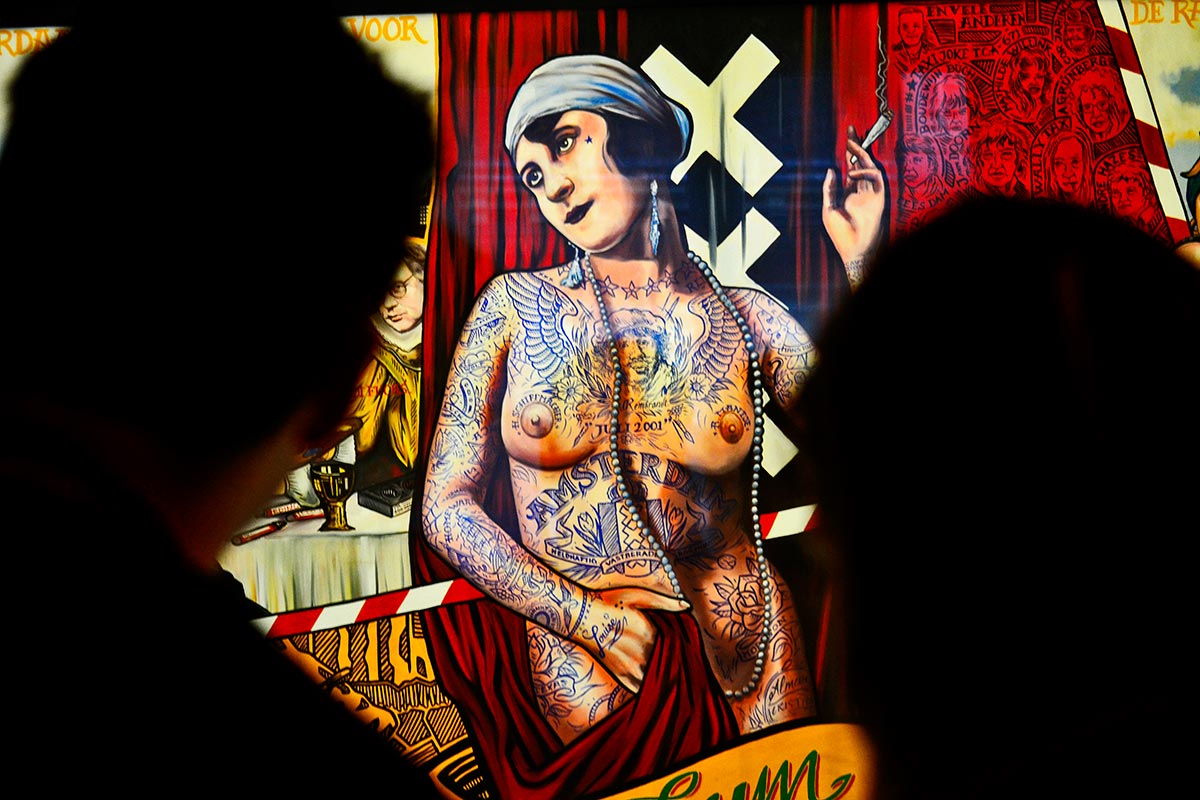 Pareja mirando mural mujer tatuajes rebelde fumando marihuana Amsterdams Historich Museum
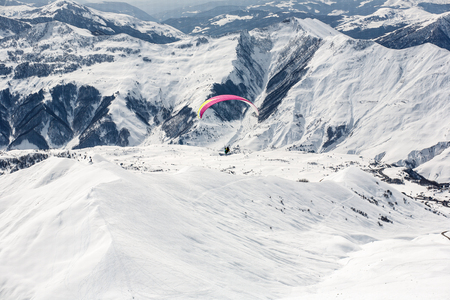 Winter paragliding in Gudauri mountains.の写真素材
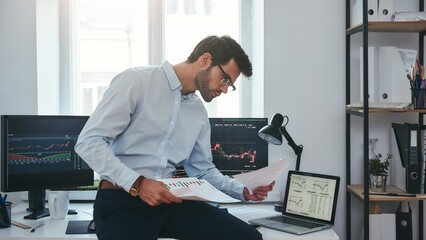 Fototapete - Busy working day. Young successful trader or businessman in formal wear and eyeglasses sitting at modern office in front of computer screens with charts and reading market report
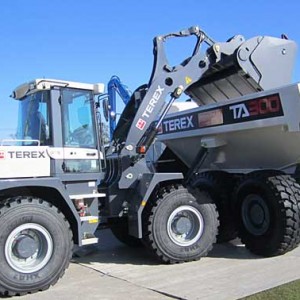 The TL260 shown in tandem with the TA300 articulated dump truck.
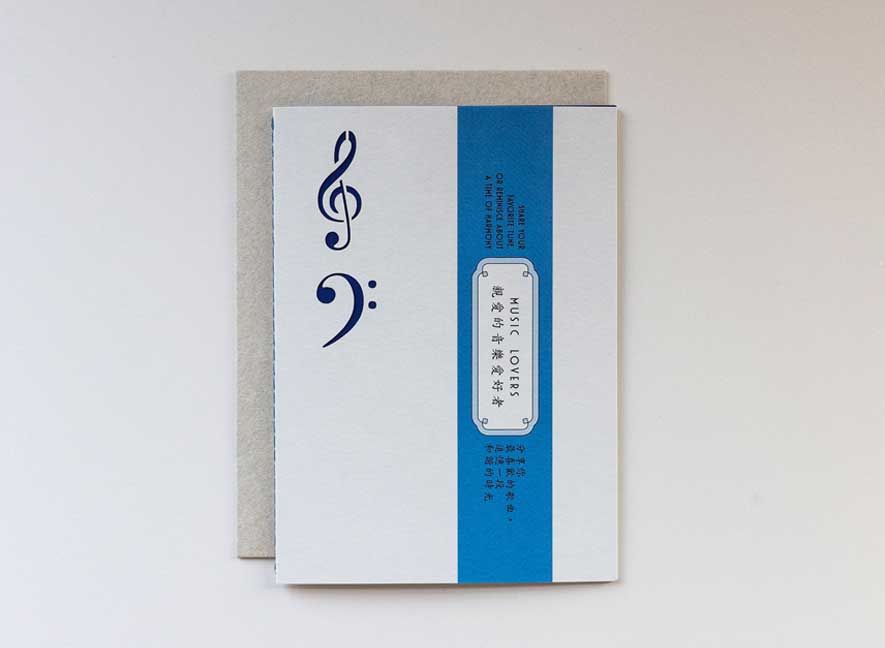  Luxury greeting card in the shape and feel of a playful vinyl record album with electric blue colors and intricate treble and base clef cutouts.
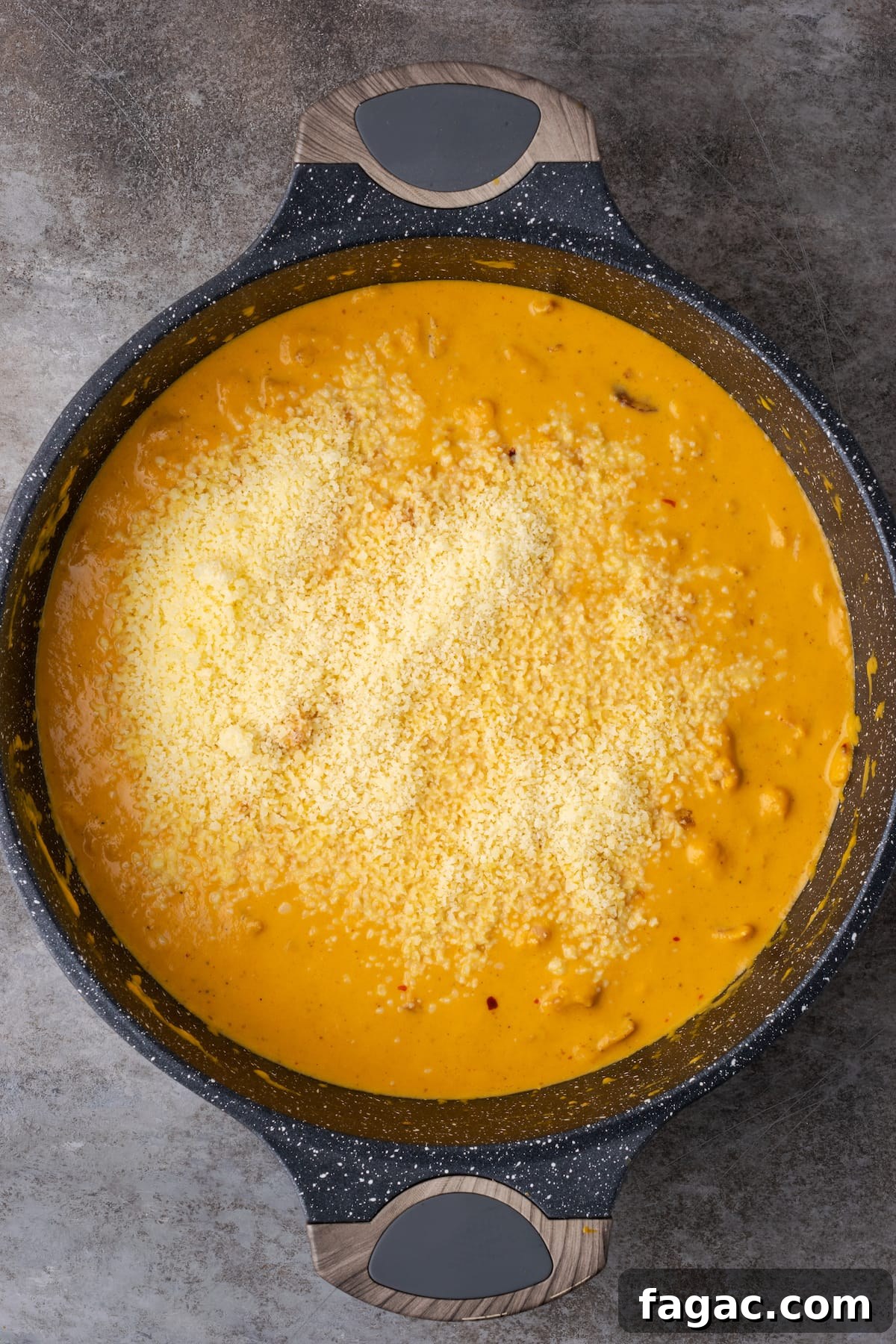 Parmesan cheese is added to the pumpkin cream sauce in a cast iron skillet.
§ §
What the task asks. Could you give the material above again, exactly and without its pictures?

Exercise output.
 Pareja mirando mural mujer tatuajes rebelde fumando marihuana Amsterdams Historich Museum
 Winter paragliding in Gudauri mountains.の写真素材
 Fototapete - Busy working day. Young successful trader or businessman in formal wear and eyeglasses sitting at modern office in front of computer screens with charts and reading market report
 The TL260 shown in tandem with the TA300 articulated dump truck.
  Luxury greeting card in the shape and feel of a playful vinyl record album with electric blue colors and intricate treble and base clef cutouts.
 Parmesan cheese is added to the pumpkin cream sauce in a cast iron skillet.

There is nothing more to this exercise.